Available records —

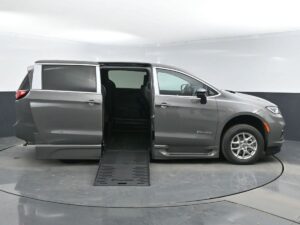 Grey Chrysler Pacifica with BraunAbility Side Entry Automatic Fold Out conversion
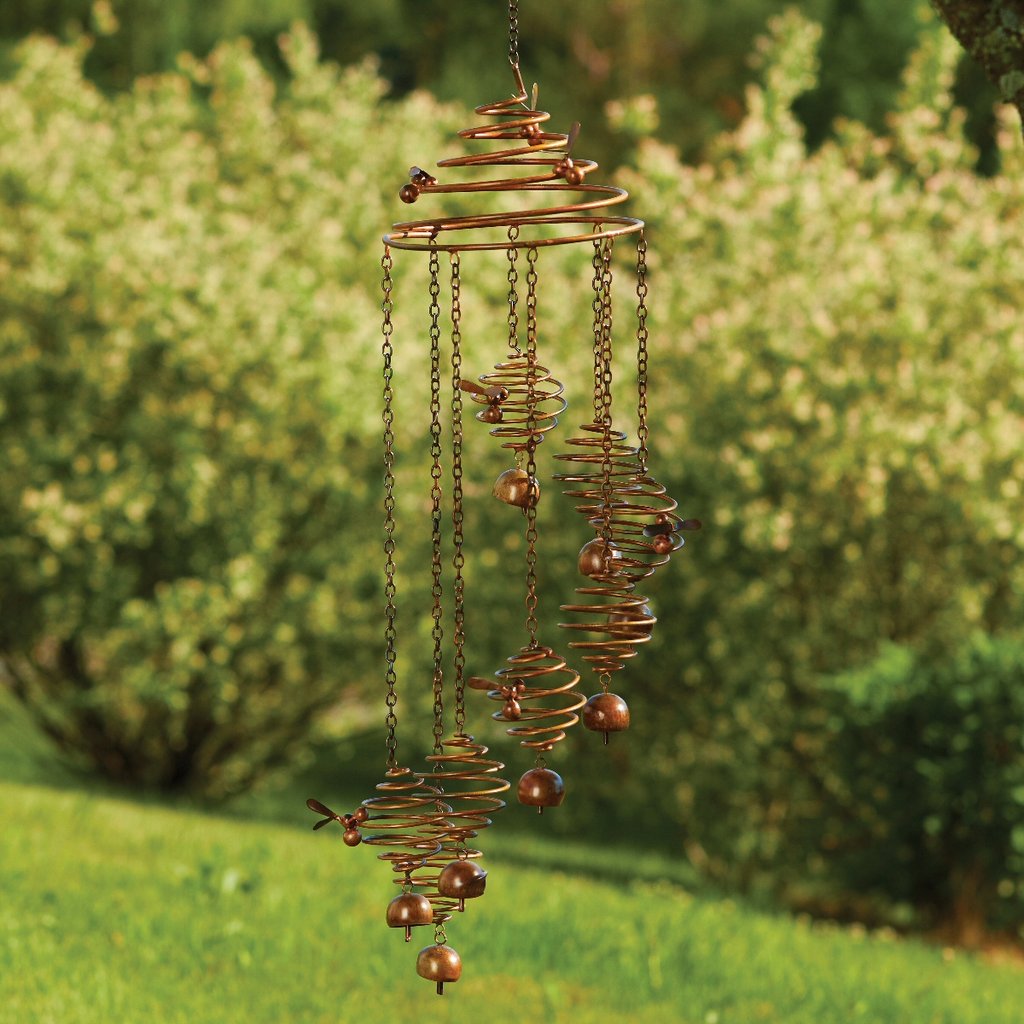 Flamed Copper Bees w/Bells Hanging Spiral Mobile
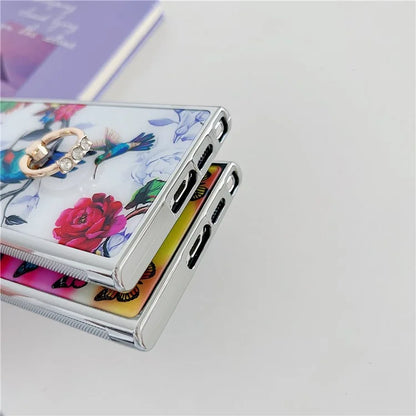 For Samsung Galaxy S23 Ultra Kickstand Case Pattern Printing Anti-slip Protective Phone Cover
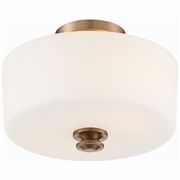 TRA-A3302-VG Crystorama Travis 2 Light Vibrant Gold Semi Flush Mount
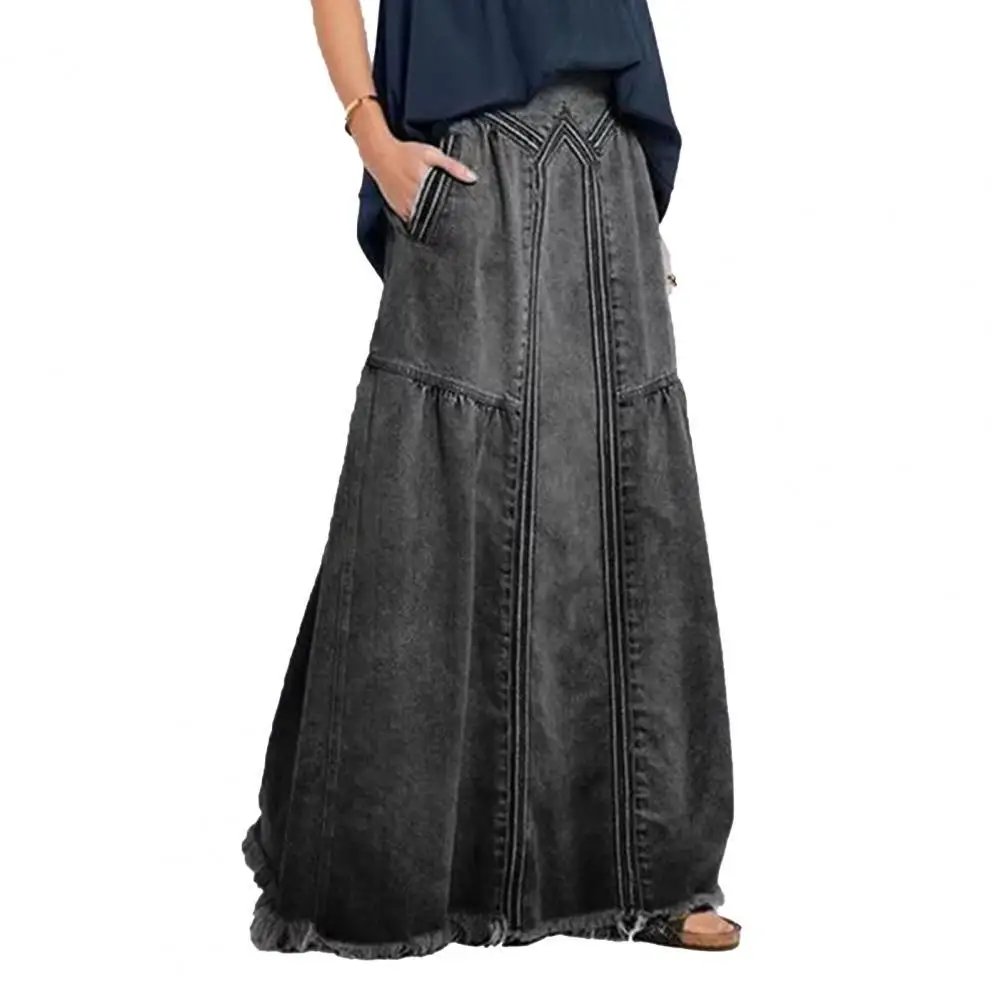 Long Skirt Women Vintage Solid Color Elastic Waist Ripped Loose Summer Skirt for Women 2022 Daily Clothes Streetwear
Long Skirt Women Vintage Solid Color Elastic Waist Ripped Loose Summer Skirt for Women 2022 Daily Clothes Streetwear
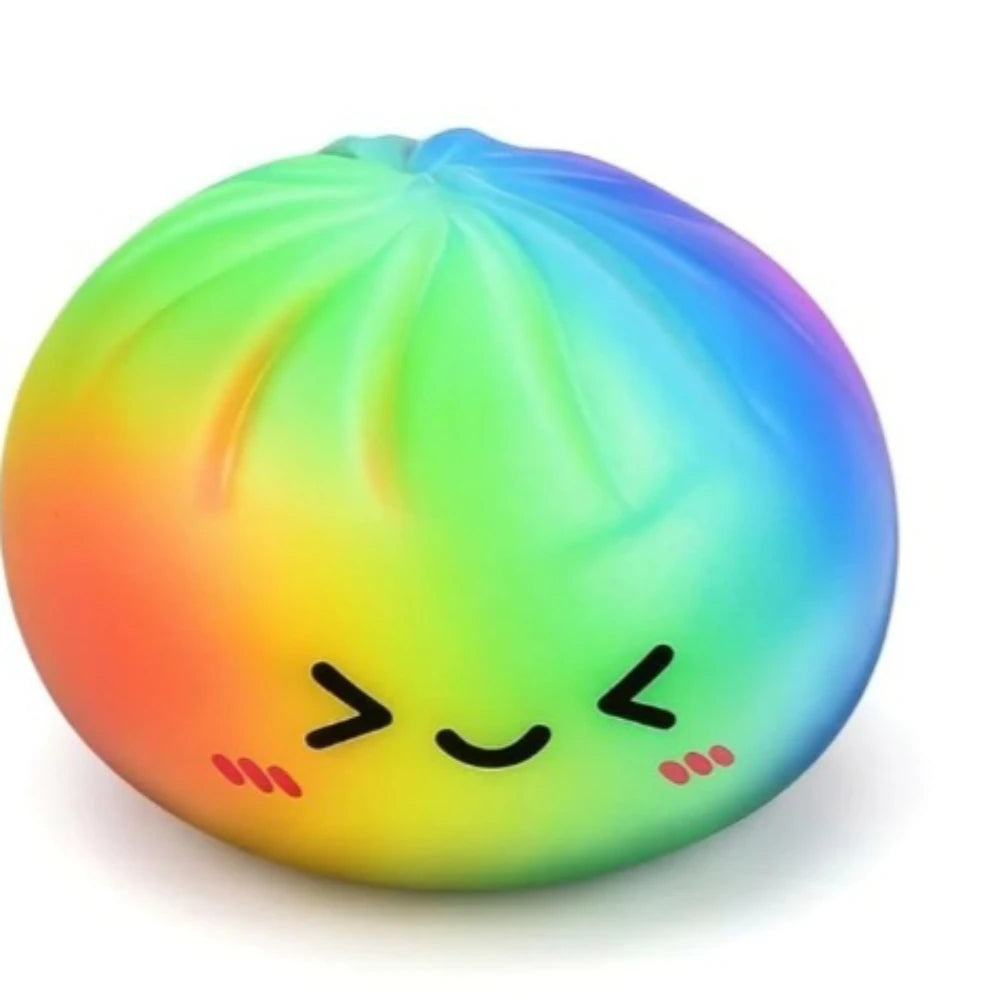 Rainbow dumpling fidget toy with box packaging option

Exercise prompt —
Each line from the line containing "For Samsung Galaxy" through the last line above must be written out exactly, and every picture must be omitted.

Exercise solution —
 For Samsung Galaxy S23 Ultra Kickstand Case Pattern Printing Anti-slip Protective Phone Cover
 TRA-A3302-VG Crystorama Travis 2 Light Vibrant Gold Semi Flush Mount
 Long Skirt Women Vintage Solid Color Elastic Waist Ripped Loose Summer Skirt for Women 2022 Daily Clothes Streetwear
Long Skirt Women Vintage Solid Color Elastic Waist Ripped Loose Summer Skirt for Women 2022 Daily Clothes Streetwear
 Rainbow dumpling fidget toy with box packaging option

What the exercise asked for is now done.